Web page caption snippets

========

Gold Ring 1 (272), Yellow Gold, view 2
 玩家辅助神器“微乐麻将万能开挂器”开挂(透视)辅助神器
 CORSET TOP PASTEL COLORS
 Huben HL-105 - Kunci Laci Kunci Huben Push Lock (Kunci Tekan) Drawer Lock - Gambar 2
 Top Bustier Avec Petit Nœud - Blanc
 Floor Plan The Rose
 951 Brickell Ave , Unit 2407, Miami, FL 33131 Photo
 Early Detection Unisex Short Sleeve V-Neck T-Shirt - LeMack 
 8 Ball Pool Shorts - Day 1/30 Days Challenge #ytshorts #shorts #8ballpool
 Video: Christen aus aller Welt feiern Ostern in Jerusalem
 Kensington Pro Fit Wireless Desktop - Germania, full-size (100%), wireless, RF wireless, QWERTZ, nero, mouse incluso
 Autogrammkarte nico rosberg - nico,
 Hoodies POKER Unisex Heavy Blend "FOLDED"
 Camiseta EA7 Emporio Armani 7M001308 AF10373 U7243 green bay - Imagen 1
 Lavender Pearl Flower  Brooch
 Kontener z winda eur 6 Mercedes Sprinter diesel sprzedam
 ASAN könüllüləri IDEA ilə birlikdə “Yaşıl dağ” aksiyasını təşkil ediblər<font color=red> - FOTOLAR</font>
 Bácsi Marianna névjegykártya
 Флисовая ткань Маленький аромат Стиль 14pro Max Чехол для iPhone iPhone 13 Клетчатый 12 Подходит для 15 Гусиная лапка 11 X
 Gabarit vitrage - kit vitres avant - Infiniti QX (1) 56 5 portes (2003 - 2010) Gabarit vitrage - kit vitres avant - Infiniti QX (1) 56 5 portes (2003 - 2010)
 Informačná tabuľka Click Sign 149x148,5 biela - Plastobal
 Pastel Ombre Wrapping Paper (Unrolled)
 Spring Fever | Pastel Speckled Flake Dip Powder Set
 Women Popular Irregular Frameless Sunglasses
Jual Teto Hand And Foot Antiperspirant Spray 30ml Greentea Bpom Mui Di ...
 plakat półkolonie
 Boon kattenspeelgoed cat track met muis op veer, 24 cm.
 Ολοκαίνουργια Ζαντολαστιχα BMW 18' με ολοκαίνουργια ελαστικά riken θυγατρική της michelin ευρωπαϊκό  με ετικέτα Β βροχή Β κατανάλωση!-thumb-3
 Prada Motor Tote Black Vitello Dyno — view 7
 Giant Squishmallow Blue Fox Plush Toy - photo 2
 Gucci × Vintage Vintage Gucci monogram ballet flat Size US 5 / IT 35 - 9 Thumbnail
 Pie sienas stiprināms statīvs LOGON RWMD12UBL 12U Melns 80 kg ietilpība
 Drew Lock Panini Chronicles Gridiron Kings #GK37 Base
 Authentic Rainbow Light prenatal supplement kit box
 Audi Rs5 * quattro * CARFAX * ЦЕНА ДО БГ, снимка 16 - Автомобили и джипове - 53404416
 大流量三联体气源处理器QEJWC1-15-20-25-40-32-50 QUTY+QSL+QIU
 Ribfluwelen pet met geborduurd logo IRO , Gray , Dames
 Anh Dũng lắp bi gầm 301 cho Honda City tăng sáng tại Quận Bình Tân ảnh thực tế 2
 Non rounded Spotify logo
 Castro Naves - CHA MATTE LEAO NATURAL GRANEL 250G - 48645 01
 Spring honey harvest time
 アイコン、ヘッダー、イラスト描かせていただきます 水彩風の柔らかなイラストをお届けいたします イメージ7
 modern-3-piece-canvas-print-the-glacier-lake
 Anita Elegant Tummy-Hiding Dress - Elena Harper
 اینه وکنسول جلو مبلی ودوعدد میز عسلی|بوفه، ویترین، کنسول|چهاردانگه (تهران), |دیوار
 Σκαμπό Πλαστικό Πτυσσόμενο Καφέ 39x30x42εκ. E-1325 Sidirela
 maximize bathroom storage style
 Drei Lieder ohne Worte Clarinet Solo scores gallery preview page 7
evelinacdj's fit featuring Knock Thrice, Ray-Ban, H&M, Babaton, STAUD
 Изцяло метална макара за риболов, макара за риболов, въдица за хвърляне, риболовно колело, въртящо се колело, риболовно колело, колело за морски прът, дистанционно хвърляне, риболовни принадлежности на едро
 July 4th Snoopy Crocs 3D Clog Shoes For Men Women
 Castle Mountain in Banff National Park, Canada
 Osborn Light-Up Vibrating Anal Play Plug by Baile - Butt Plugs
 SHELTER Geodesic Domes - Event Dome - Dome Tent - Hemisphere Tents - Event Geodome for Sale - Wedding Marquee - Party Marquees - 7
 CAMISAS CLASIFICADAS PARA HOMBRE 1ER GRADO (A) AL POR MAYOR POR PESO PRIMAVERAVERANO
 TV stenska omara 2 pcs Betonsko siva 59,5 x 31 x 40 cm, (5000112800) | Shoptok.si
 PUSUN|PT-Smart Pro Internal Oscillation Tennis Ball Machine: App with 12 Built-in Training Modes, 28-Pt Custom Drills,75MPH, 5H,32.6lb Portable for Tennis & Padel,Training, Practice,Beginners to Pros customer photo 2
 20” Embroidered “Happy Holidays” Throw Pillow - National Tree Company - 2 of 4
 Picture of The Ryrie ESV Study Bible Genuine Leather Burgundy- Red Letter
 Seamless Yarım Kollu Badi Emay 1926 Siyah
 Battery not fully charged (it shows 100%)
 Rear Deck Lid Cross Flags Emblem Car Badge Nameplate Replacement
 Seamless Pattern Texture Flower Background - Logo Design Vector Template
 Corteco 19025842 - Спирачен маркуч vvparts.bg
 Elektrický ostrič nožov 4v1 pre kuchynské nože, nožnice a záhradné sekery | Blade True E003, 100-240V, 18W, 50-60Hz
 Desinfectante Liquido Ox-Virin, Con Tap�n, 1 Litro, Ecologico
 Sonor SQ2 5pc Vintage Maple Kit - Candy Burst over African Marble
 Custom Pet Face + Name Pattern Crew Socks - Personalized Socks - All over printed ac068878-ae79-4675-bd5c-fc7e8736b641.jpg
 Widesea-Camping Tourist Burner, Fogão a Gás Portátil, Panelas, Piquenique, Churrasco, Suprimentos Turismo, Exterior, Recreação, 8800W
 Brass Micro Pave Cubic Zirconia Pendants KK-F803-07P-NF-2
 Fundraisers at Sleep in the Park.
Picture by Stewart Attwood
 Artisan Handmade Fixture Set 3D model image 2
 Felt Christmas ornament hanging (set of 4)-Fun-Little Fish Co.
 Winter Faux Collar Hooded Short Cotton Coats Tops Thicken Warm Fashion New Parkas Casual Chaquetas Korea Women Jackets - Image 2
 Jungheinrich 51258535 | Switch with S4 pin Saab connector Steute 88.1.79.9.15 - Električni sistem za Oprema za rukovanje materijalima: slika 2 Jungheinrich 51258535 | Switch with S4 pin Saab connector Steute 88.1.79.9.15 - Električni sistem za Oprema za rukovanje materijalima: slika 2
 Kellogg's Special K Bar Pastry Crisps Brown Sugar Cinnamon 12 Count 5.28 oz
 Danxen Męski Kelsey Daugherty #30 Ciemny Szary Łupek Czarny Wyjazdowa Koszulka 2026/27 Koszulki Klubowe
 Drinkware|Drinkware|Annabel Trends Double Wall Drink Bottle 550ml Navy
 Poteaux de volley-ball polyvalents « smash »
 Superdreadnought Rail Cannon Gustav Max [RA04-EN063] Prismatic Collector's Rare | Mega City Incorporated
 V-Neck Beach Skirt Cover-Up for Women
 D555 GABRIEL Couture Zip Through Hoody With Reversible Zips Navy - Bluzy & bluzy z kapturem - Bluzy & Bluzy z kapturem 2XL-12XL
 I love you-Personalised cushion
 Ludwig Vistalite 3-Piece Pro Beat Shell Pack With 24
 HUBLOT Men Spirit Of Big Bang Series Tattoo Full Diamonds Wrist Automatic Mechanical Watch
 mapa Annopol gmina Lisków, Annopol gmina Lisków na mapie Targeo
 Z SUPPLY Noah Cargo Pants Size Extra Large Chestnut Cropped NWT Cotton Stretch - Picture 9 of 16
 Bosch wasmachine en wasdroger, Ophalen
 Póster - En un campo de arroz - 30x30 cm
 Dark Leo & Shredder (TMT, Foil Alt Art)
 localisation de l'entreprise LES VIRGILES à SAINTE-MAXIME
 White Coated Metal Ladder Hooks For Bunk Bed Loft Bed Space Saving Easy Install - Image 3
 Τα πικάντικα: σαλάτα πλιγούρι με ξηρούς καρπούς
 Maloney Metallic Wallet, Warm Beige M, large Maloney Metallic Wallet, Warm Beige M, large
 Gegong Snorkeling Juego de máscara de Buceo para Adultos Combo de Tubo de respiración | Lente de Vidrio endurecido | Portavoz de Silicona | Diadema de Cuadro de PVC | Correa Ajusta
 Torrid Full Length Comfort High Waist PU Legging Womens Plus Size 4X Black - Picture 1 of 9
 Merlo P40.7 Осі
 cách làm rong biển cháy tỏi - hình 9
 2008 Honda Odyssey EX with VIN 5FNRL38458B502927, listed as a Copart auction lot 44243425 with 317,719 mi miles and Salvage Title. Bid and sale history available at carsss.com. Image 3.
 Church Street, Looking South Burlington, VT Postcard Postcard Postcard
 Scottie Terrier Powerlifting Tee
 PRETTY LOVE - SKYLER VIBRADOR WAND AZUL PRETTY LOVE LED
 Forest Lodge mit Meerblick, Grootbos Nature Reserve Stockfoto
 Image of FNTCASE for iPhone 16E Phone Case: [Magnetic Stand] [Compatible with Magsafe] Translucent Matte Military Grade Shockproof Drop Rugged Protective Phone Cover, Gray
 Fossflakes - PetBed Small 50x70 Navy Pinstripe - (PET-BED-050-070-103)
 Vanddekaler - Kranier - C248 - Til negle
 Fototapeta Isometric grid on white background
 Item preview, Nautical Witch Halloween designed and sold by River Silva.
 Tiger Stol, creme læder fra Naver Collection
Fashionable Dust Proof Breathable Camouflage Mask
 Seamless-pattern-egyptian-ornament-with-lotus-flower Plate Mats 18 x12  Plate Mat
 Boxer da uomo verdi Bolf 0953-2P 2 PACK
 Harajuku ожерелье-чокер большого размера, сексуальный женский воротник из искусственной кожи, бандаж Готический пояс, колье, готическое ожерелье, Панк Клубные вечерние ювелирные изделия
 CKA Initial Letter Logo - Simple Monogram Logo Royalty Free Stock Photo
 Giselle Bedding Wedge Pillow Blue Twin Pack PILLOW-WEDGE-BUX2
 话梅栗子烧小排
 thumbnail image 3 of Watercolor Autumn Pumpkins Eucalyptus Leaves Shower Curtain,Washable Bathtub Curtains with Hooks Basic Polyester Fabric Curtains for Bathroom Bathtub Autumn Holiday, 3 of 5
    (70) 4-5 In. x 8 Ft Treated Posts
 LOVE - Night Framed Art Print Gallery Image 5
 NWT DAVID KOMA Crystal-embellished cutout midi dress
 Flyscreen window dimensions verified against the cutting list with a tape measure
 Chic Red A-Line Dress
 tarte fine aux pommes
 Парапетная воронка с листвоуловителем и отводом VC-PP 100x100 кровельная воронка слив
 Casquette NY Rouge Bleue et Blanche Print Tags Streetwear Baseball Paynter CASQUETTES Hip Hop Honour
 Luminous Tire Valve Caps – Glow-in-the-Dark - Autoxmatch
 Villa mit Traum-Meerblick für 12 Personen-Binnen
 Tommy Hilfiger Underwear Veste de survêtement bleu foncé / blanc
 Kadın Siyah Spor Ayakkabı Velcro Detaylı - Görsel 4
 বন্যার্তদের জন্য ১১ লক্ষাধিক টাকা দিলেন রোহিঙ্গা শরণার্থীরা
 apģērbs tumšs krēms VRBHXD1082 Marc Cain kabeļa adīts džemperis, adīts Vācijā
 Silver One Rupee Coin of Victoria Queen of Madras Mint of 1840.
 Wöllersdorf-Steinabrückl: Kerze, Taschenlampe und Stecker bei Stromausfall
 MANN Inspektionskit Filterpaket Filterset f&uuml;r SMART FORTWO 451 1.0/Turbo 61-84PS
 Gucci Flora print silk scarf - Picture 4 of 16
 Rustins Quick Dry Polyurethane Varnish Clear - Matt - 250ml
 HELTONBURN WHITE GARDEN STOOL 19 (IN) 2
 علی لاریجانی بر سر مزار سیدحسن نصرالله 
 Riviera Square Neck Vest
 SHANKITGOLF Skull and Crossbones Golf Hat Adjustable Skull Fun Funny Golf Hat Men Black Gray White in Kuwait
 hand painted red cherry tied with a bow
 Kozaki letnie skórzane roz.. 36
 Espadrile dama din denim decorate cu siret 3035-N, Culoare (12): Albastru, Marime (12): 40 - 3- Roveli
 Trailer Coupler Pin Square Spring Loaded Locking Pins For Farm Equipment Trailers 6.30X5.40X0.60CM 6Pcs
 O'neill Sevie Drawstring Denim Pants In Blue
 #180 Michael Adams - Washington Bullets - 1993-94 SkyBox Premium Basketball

========

▸ **What this task involves**: The required output is the set of lines from the first line of the data through the line that contains "Spring Fever |", transcribed exactly.

▸ **Answer for the task**:
Gold Ring 1 (272), Yellow Gold, view 2
 玩家辅助神器“微乐麻将万能开挂器”开挂(透视)辅助神器
 CORSET TOP PASTEL COLORS
 Huben HL-105 - Kunci Laci Kunci Huben Push Lock (Kunci Tekan) Drawer Lock - Gambar 2
 Top Bustier Avec Petit Nœud - Blanc
 Floor Plan The Rose
 951 Brickell Ave , Unit 2407, Miami, FL 33131 Photo
 Early Detection Unisex Short Sleeve V-Neck T-Shirt - LeMack 
 8 Ball Pool Shorts - Day 1/30 Days Challenge #ytshorts #shorts #8ballpool
 Video: Christen aus aller Welt feiern Ostern in Jerusalem
 Kensington Pro Fit Wireless Desktop - Germania, full-size (100%), wireless, RF wireless, QWERTZ, nero, mouse incluso
 Autogrammkarte nico rosberg - nico,
 Hoodies POKER Unisex Heavy Blend "FOLDED"
 Camiseta EA7 Emporio Armani 7M001308 AF10373 U7243 green bay - Imagen 1
 Lavender Pearl Flower  Brooch
 Kontener z winda eur 6 Mercedes Sprinter diesel sprzedam
 ASAN könüllüləri IDEA ilə birlikdə “Yaşıl dağ” aksiyasını təşkil ediblər<font color=red> - FOTOLAR</font>
 Bácsi Marianna névjegykártya
 Флисовая ткань Маленький аромат Стиль 14pro Max Чехол для iPhone iPhone 13 Клетчатый 12 Подходит для 15 Гусиная лапка 11 X
 Gabarit vitrage - kit vitres avant - Infiniti QX (1) 56 5 portes (2003 - 2010) Gabarit vitrage - kit vitres avant - Infiniti QX (1) 56 5 portes (2003 - 2010)
 Informačná tabuľka Click Sign 149x148,5 biela - Plastobal
 Pastel Ombre Wrapping Paper (Unrolled)
 Spring Fever | Pastel Speckled Flake Dip Powder Set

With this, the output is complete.